Records from a data source

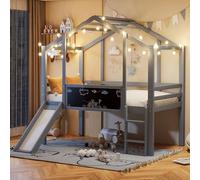 boorbin Lettino per bambini, 90 x 200 cm, design sottotetto con scala di sicurezza e scivolo di sicurezza, con lavagna graffiti, letto multiuso, letto singolo a soppalco (bianco)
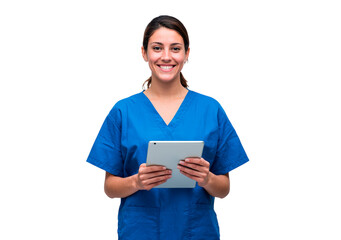 Female medical professional in blue scrubs holding tablet smiling at camera on transparent background, PNG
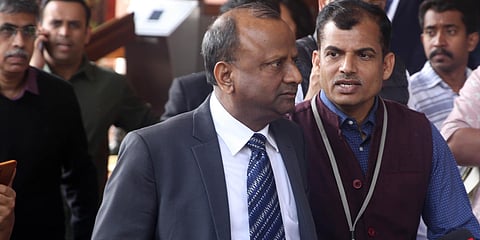SBI chairman Rajnish Kumar at Parliament house during the ongoing Budget Session in New Delhi. (Photo| Shekhar Yadav, EPS)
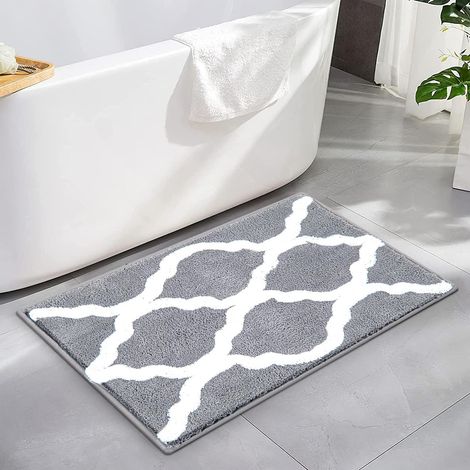 Tapis de bain en microfibre antidérapante et antibactérienne, lavable en machine, pour la cuisine et la chambre, gris, 41 x 61 cm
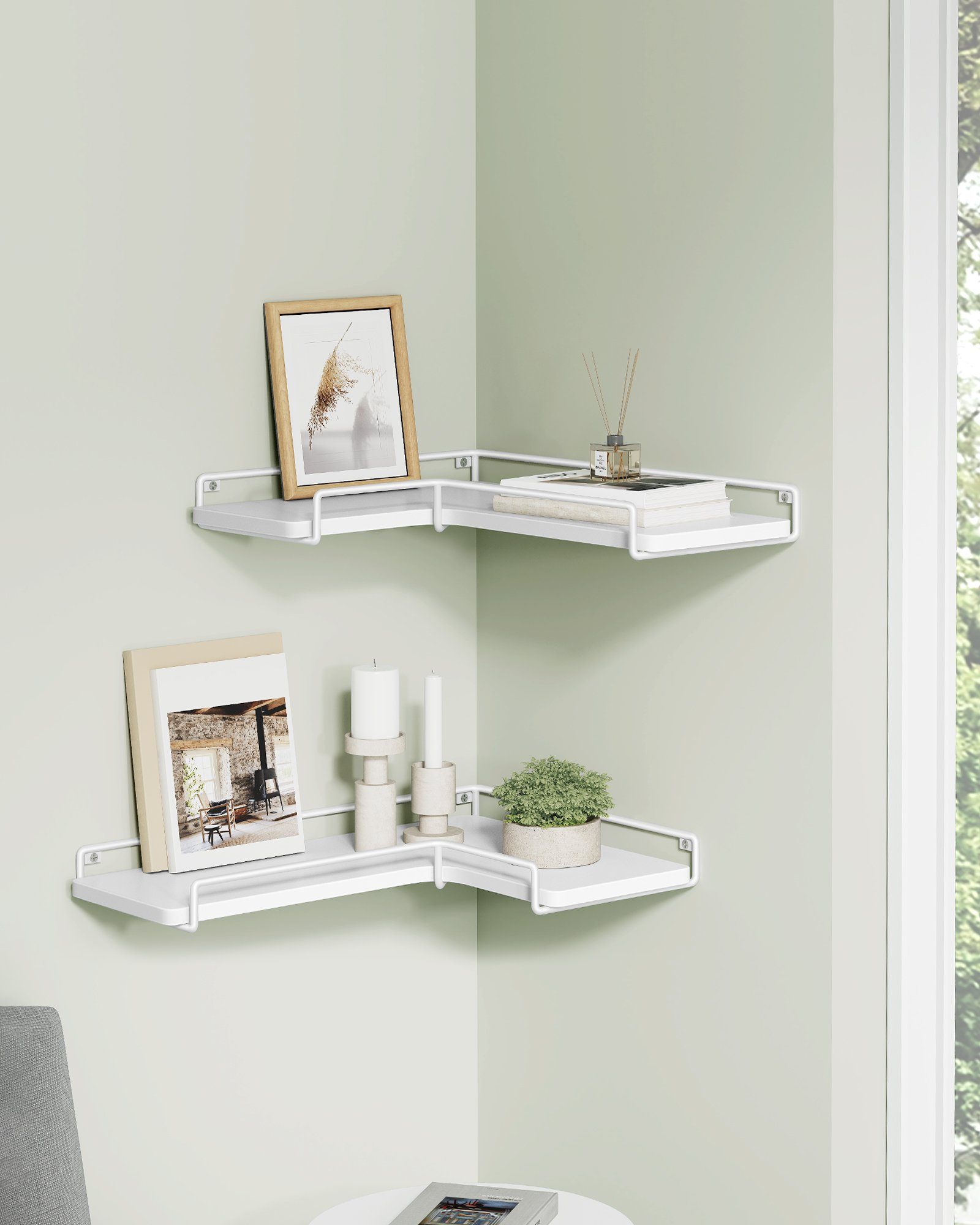 VASAGLE Eckregal, Wandregal, L-förmiges Eckregal, 2er Set, Industrie-Design günstig online kaufen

▸ **WORK TO BE COMPLETED**:
The stretch above running from the line with "SBI chairman Rajnish" through the line with "Tapis de bain" is all you should copy, exactly, leaving out the pictures.

▸ **REPLY**:
SBI chairman Rajnish Kumar at Parliament house during the ongoing Budget Session in New Delhi. (Photo| Shekhar Yadav, EPS)
 Tapis de bain en microfibre antidérapante et antibactérienne, lavable en machine, pour la cuisine et la chambre, gris, 41 x 61 cm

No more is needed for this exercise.